Well, let’s skip the pages and pages of background and get to the plot. Del is reading a graphic novel in his apartment when his attention is drawn to three of the Longtails in the street below (shown in a later scene on Dexter Allagahrei’s cover), who conveniently address each other by name; Denya (the ladymouse in the red cloak), Roderick (the white mouse in a red coat and feathered hat), and Arthur (in black). That’s Del in green with the navy blue & turquoise scarf on the cover. (Headley’s description is very detailed.) They are being stalked by a mink assassin. Del is suddenly compelled to warn them, at some danger to himself, and he magically defeats the mink, which reveals him as a Trelock with magic powers. The Longtails want him to join them.
“‘You can’t just leave!’ barked Arthur, finally taking Del seriously. There was no more evidence of levity in his voice or in his pale face. ‘Do you have any idea how incredible it is that we found you? Your abilities would be invaluable to the Longtails. You’d be on the shortlist for the most prestigious bands. Leave? I daresay, that would be like shutting the door on your destiny!’
‘I don’t want to join a Longtails band! I don’t want a destiny!’ squeaked Del. ‘I just want to sit on my windowsill and read my book. I just want to go home.’” (pgs. 37-38)
Mary-Sue again, or Bilbo Baggins protesting that he doesn’t want to go on an adventure. You know how well that works.
Headley’s plot is ridiculously simplistic, but his writing is quite good, and it certainly doesn’t lack action:
[Del is reading a manga in his apartment. He hears a noise in the hall outside.]
“Ting. Ting. Ting. A strange sound hit his ears from the direction of the apartment door […] He rolled onto his side to face the door and listened for the source of the sound. The rhythmic metallic clink seemed to be getting faster, like the sound of a fan or engine revving up in slow motion to a steady rotation. He couldn’t quite place it though. It was a completely new noise in the typically quiet building. Sure, there were families living in other units above and below him and even some on the same floor, but he rarely heard so much as a peep from them.

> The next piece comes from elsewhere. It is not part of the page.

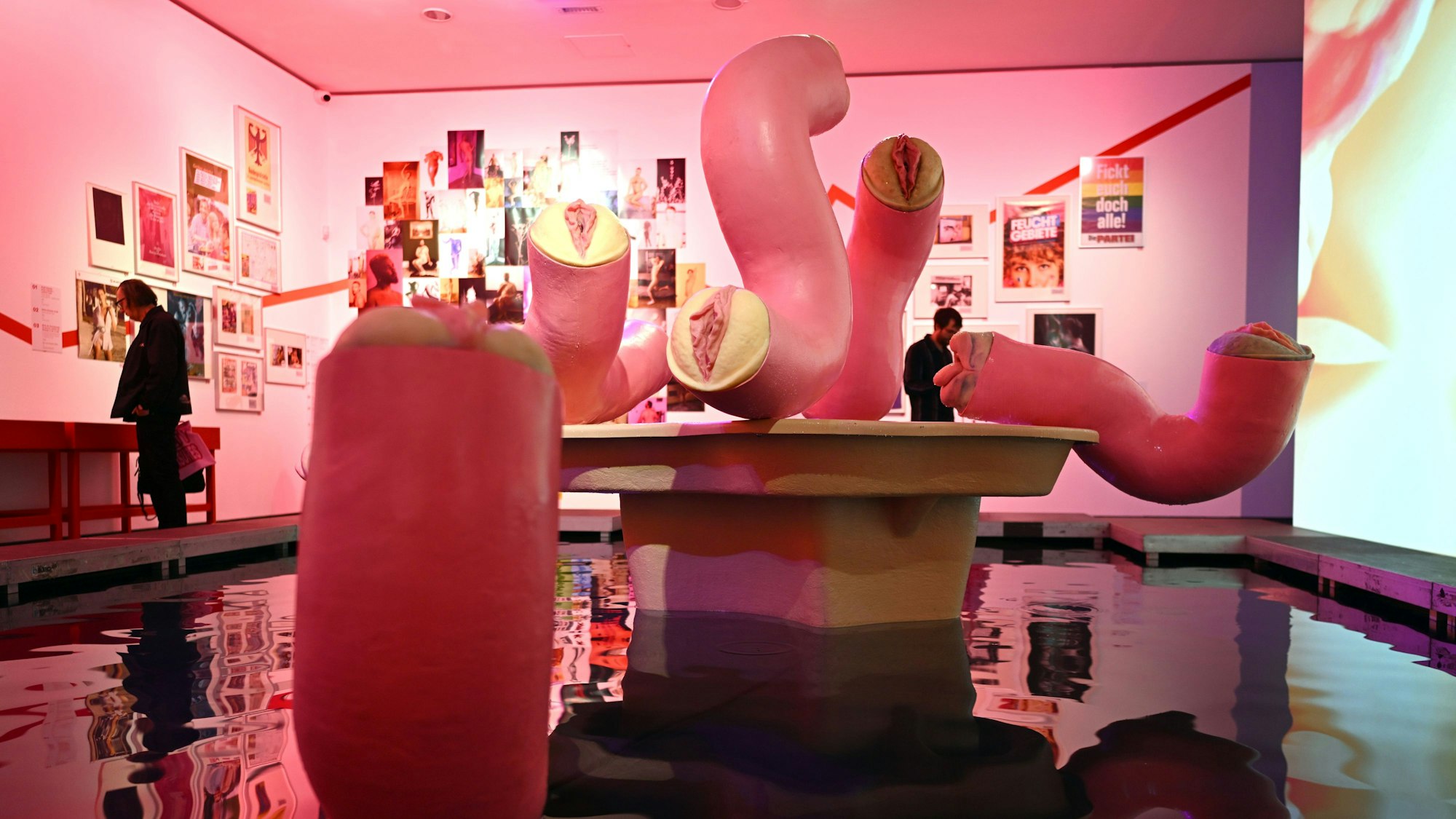 Nordrhein-Westfalen, Düsseldorf: Besucher betrachten das Kunstwerk „Fleischiger Brunnen“ des Künstlers Peches aus dem Jahr 2019.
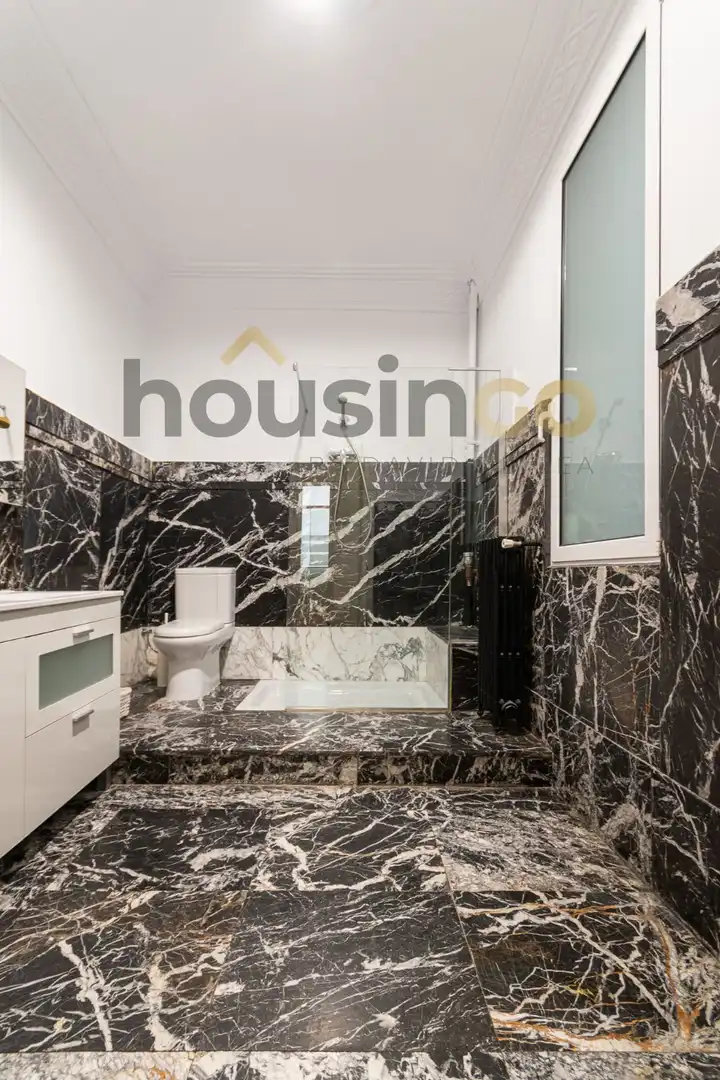 Bathroom of Office for rent in Madrid  with Air Conditioner, Heating and Balcony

The sound grew faster and closer. He could hear it zipping back and forth from one end of the door’s bottom edge to the other. Del focused his eyes on the lower portion of the door, waiting for some clue as to what was causing the noise. Suddenly, his bubble of solitude broke as loud shots of rapid gunfire filled the air. Bullets sprayed through the bottom half of the door, tearing away at the wood.
Del dove for cover, leaping behind his book as though it might actually be strong enough to protect him. He peeked out just as the bottom fourth of the door was dismantled by bullets. Dust and debris flooded the now empty space between what was left of the door and the hardwood flooring. In the aftermath cloud, Del could just make out a slender shadow stepping through the opening.
As the dust settled around him, it revealed a mink standing on its hind legs with completely jet-black fur, except for a small patch of white on its chin. Del immediately noticed the mink’s right forearm and paw were missing, and in their place was a six-barreled Gatling minigun. It attached just above where the mink’s elbow should have been. As the mink stood in the doorway, the barrels began to spin down slowly, smoke drifting up from them.” (pgs. 49-50)
It might be exciting if Del’s Trelock power didn’t make him so invulnerable. Anyhow, Del joins Roderick, Denya, and Arthur; and if the resulting adventure isn’t as exciting as The Lord of the Rings, it isn’t because Headley doesn’t try. To be continued in Longtails, Book Two: The Wildfires of Summer.